-- EXERCISE DETAILS --
An acceptable answer repeats exactly the line containing "Thanks For Giving Up Turkey | Unisex T-Shirt" and all lines that follow it in the listing below, and it includes no pictures.

-- DATA FOR THE TASK --

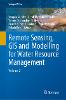 Remote Sensing, GIS & Modelling for Water Resource Management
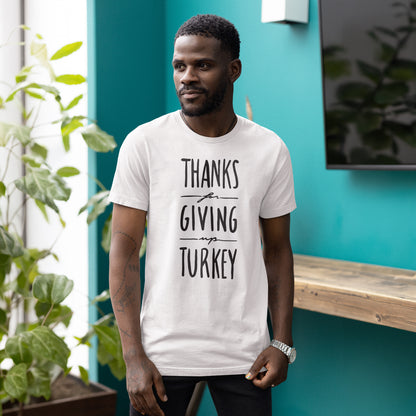 Thanks For Giving Up Turkey | Unisex T-Shirt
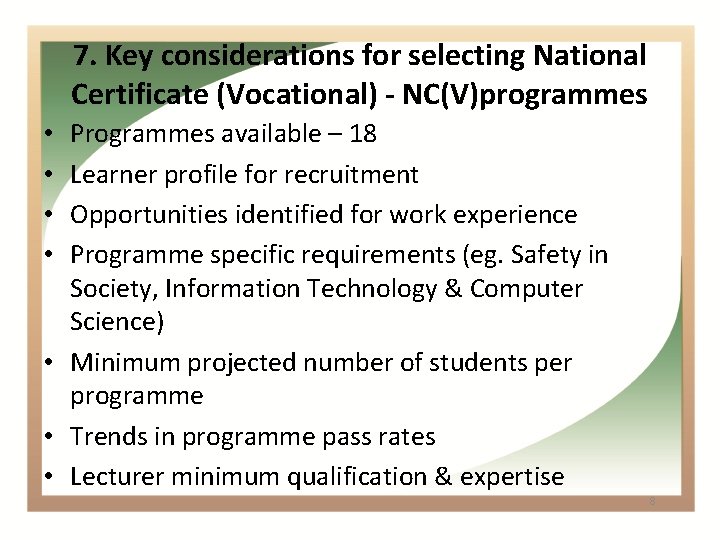 7. Key considerations for selecting National Certificate (Vocational) - NC(V)programmes Programmes available – 18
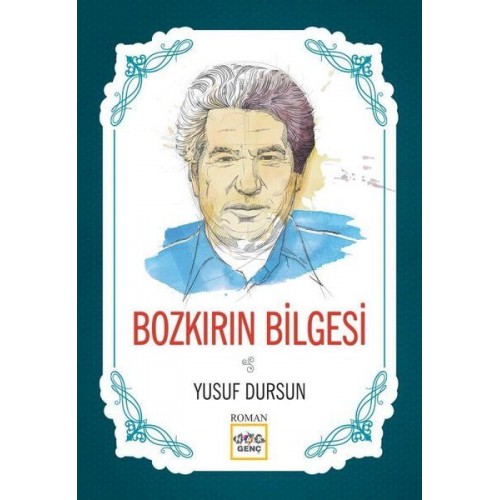 Bozkırın Bilgesi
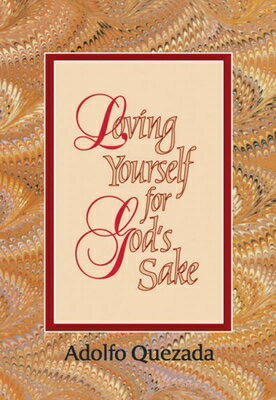 Loving Yourself for God's Sake LOVING YOURSELF FOR GODS SAKE （Spirit Life Series） [ Adolfo Quezada ]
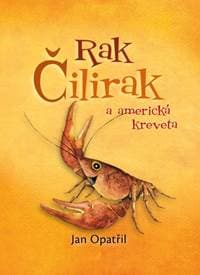 Rak Čilirak a americká kreveta - Jan Opatřil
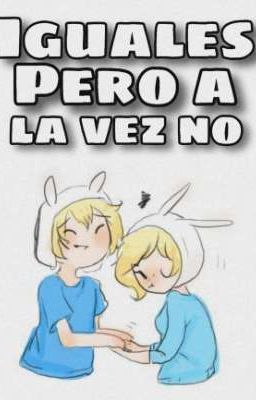 Iguales pero a la vez No - Finn×Fionna - Adventure Time AU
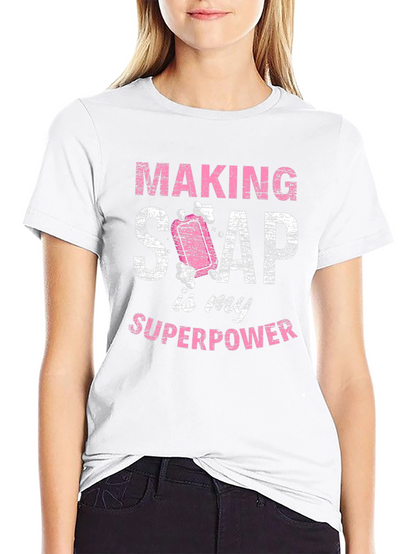 Making Soap is My Superpower T-Shirt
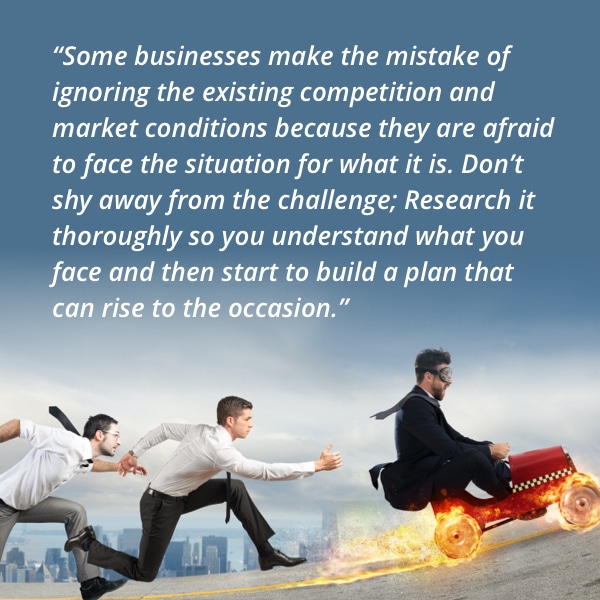 Some businesses make the mistake of ignoring the existing competition and market conditions because they are afraid to face the situation for what it is. Don’t shy away from the challenge; Research it thoroughly so you understand what you face and then start to build a plan that can rise to the occasion.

-- ANSWER TO THE EXERCISE --
 Thanks For Giving Up Turkey | Unisex T-Shirt
 7. Key considerations for selecting National Certificate (Vocational) - NC(V)programmes Programmes available – 18
 Bozkırın Bilgesi
 Loving Yourself for God's Sake LOVING YOURSELF FOR GODS SAKE （Spirit Life Series） [ Adolfo Quezada ]
 Rak Čilirak a americká kreveta - Jan Opatřil
 Iguales pero a la vez No - Finn×Fionna - Adventure Time AU
 Making Soap is My Superpower T-Shirt
 Some businesses make the mistake of ignoring the existing competition and market conditions because they are afraid to face the situation for what it is. Don’t shy away from the challenge; Research it thoroughly so you understand what you face and then start to build a plan that can rise to the occasion.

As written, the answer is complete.